Vibo, i poteri forti e il trasformismo dei peones
Ah, i poteri forti. A Vibo, dopo la presentazione delle liste (15) e dei candidati (460) pronti a contendersi un posto a Palazzo Razza, le folate di indignazione anti-casta sembrano già assorbite dal…
Ah, i poteri forti. A Vibo, dopo la presentazione delle liste (15) e dei candidati (460) pronti a contendersi un posto a Palazzo Razza, le folate di indignazione anti-casta sembrano già assorbite dalla brezza rassicurante degli aspiranti sindaci a cui i bookmakers nostrani affidano le maggiori possibilità di vittoria.

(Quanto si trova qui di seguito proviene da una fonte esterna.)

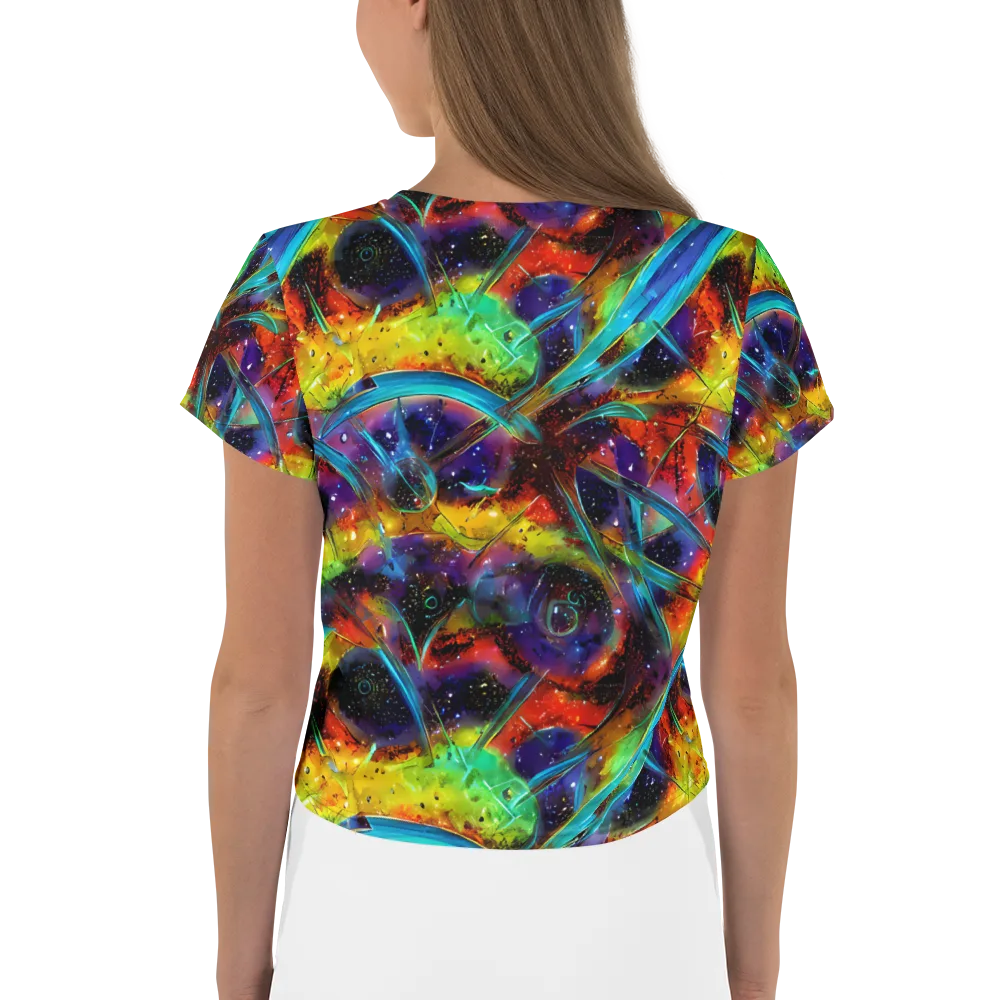 Electric Chromatica on Crop Tee — Back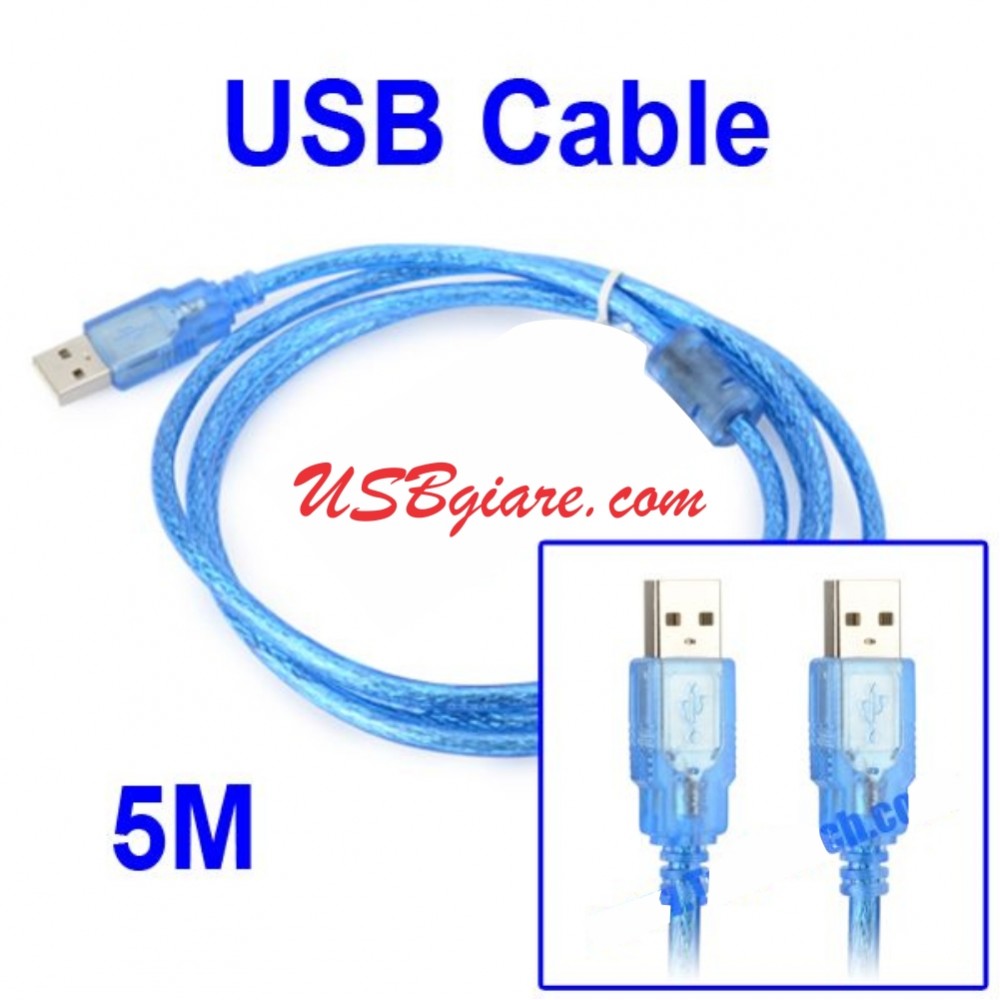 CÁP USB 2 ĐẦU ĐỰC DÀI 3M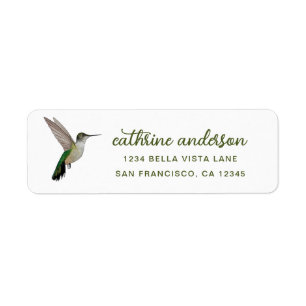 Hummingbird Label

A sentire i fan di Lo Schiavo, i poteri forti stanno con Costa, appoggiato indirettamente anche da un indomito Giamborino, che non pare temere capogiri o crisi d’identità nel continuare a dichiararsi di centrosinistra. A sentire i supporter di Costa, invece, stanno con il candidato del Pd, accusato di opacità sulle note vicende di Calabria etica e Aterp. Entrambi (Costa e Lo Schiavo) hanno come stella polare la rottura con il passato e la discontuinità rispetto al povero Nicola D’Agostino che, in questi anni da sindaco, avrebbe quindi fatto tutto da solo. Si fa così, in scioltezza: come se non ci fosse mai stata né una giunta né una maggioranza votante (e spesso silente) in consiglio; come se ex assessori e consiglieri di maggioranza non avessero trovato posto in entrambi i maggiori schieramenti. E non c’è da stupirsi neanche della disinvoltura con cui si muove (da anni) un altro attuale candidato a sindaco, Pasqua, la cui parabola meriterebbe un trattato di antropologia politica.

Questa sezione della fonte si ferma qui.